Yeah, well I really don't understand this "common sense" approach to classification of extinct animals.
If it walks like a protodinosaur, looks like a protodinosaur and acted like a protodinosaur the odds are that it's at least a kissing cousin of a protodinosaur, and not some scaley stupid bat thing as closely related to a member of Anapsidia like a tortoise, as was your initial argument.
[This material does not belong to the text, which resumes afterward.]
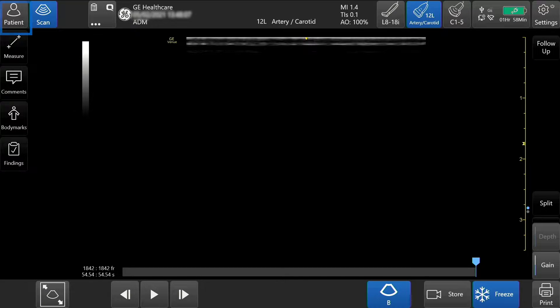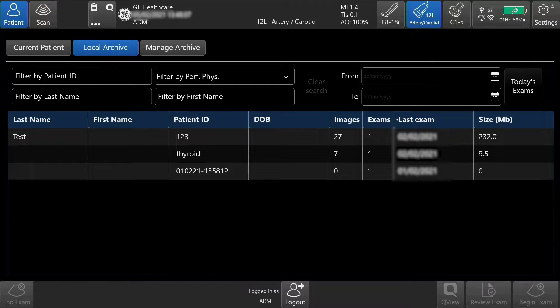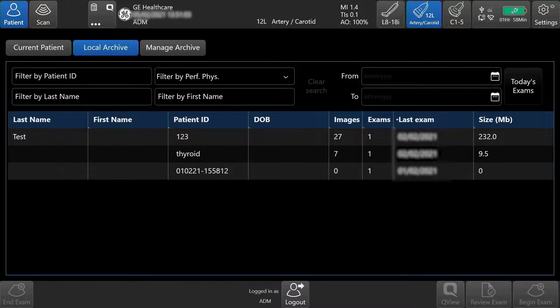To review an exam, tap Patient. On the patient screen, you will see the local archive tab. Here you will be able to search for patient exams and review exams.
My initial argument was that birds weren't reptiles and that reptiles aren't very bright.  They still aren't reptiles and reptiles still are pretty dumb.  Komodo dragons are suppose to be fairly smart though...
I've given it serious thought. I must scorn the ways of my family, and seek a Japanese woman to yield me my progeny. He shall live in the lands of the east, and be well tutored in his sacred trust to weave the best traditions of Japan and the Sacred South together, until such time as he (or, indeed his house, which will periodically require infusion of both Southern and Japanese bloodlines of note) can deliver to the South it's independence, either in this world or in space.  -Lettow April of 2011

Raz is right. -MadImmortalMan March of 2017

Queequeg

I don't think reptile is a useful word. It's paraphyletic and in common parlance synonymous with lizard (squamates) which leads to bullshit like what you are arguing.
Quote from: PDH on April 25, 2009, 05:58:55 PM
"Dysthymia?  Did they get some student from the University of Chicago with a hard-on for ancient Bactrian cities to name this?  I feel cheated."

Eddie Teach

I don't think it's commonly synonymous with lizards, as crocodiles and snakes are also well known to be reptiles.
To sleep, perchance to dream. But in that sleep of death, what dreams may come?

Queequeg

Yeah, but when people say reptile they think cold blooded and stupid. I don't think the common ancestor of dinosaurs and pterosaurs were either.
Quote from: PDH on April 25, 2009, 05:58:55 PM
"Dysthymia?  Did they get some student from the University of Chicago with a hard-on for ancient Bactrian cities to name this?  I feel cheated."